Exercise directions.
Exactly the lines from the one containing "AI generated happy" through the final line of the data are to be written out again, with nothing added.

Data.

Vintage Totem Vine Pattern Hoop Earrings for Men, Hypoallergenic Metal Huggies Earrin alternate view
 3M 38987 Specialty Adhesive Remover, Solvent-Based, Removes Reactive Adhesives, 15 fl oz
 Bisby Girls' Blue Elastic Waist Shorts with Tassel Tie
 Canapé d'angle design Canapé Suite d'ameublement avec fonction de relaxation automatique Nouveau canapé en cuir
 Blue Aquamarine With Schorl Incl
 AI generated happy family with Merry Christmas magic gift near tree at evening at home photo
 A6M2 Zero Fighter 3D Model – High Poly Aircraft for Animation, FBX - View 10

Exercise output.
 AI generated happy family with Merry Christmas magic gift near tree at evening at home photo
 A6M2 Zero Fighter 3D Model – High Poly Aircraft for Animation, FBX - View 10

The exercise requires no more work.